Enfin, ne pas croire à la nouveauté signifie aussi s’émanciper des effets de mode que j’évoquais plus haut. Ce décalage m’est salutaire. Non pas que je me désintéresse de ce qui anime mes semblables, seulement bien souvent les préoccupations médiatisées ne m’apparaissent pas avec l’urgence qu’on voudrait leur donner. Tout est affaire de sens, le sens que l’on donne à son inscription dans le monde: si l’actualité littéraire affuble cette inscription d’un sens nouveau, il m’est alors possible de m’y plonger comme cela avait été le cas avec le livre de Vizinczey intitulé Eloge des femmes mûres. Mais mon expérience quotidienne au Service Achat Occasion me montre toute la synchronicité des rencontres littéraires a priori fortuites. Ces rencontres alimentent la plupart de mes lectures. D’ailleurs bien souvent, ces livres sont les perdants de l’histoire de l’édition, oubliés, dévalués, les libraires n’en veulent plus parce qu’à un moment de leur histoire, les lecteurs les ont boudé, où même plus simplement ignoré. Les exemples sont légions, mais régulièrement au coeur de ces flux de livres, se trouve une perle rare. C’est ainsi qu’à Marseille j’ai découvert L’économique et le vivant de René Passet, ou plus récemment le livre d’Odile Vaudelle, Odile, la femme à Choron. C’est ainsi que les merveilleux textes de Manuel de Dieguez ne se rencontrent plus dans les fonds de librairie, et que l’oeuvre de Ludovic de Gaigneron n’a pas été rééditée depuis les années 50, idem pour le travail autobiographique passionnant de Jeanne Ancelet-Hustache, traductrice de maître Eckhart, ou les romans de Mario Meunier.

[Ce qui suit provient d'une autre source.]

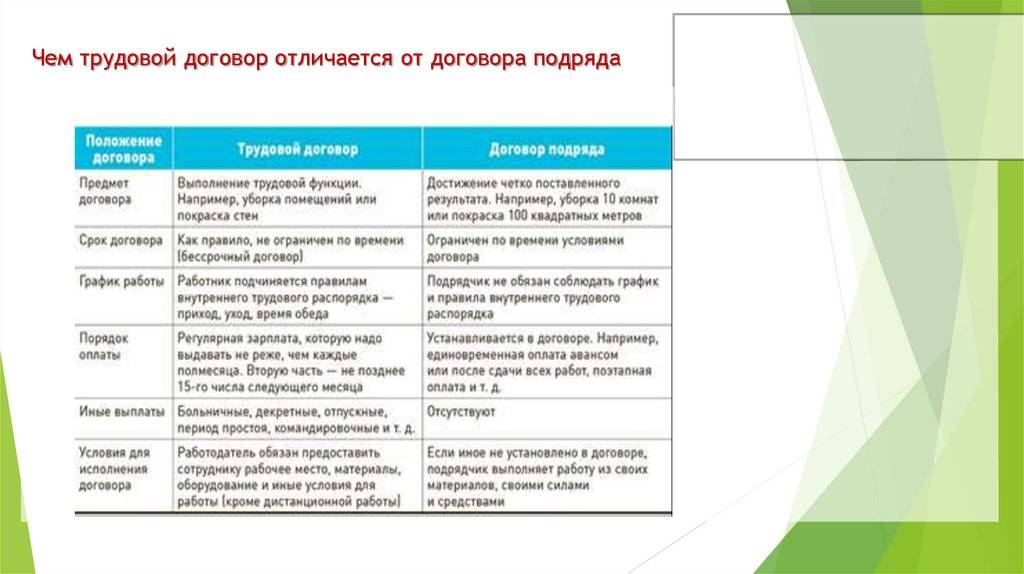 Договор оказания услуг и договор подряда – в чем разница?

La nouveauté est comme toute l’histoire éditoriale qui se déroule quotidiennement sous mes yeux d’acheteurs d’occasion: elle est faite de textes essentiels rarement, de grands textes parfois, et d’une multitude de livres dévalués qui un jour, pour certains ont rencontré un succès, et pour beaucoup d’autres, un oubli presque instantané. A la faveur de ce qui se manifeste spontanément au coeur de mon expérience quotidienne, vient se loger parfois un trésor que je reconnais mais qui curieusement ne prend de valeur qu’à mes yeux. Le travail sur l’occasion réintroduit la richesse d’un fond que la pression de la nouveauté tendrait à effacer si l’on n’y prenait garde. Il réintroduit au coeur de la mémoire oublieuse des libraires, toute la fraîcheur des livres anciens que l’on me propose. Il dépoussière notre regard habitué au traitement de la nouveauté, et, avec une audace anarchique, vient enrichir l’offre des livres qui orne nos étagères. Il permet enfin au libraire de se faire un peu “éditeur de circonstance” en offrant à un auteur, le temps d’une rencontre, la possibilité de voir son texte connaître un réseau de diffusion élargie.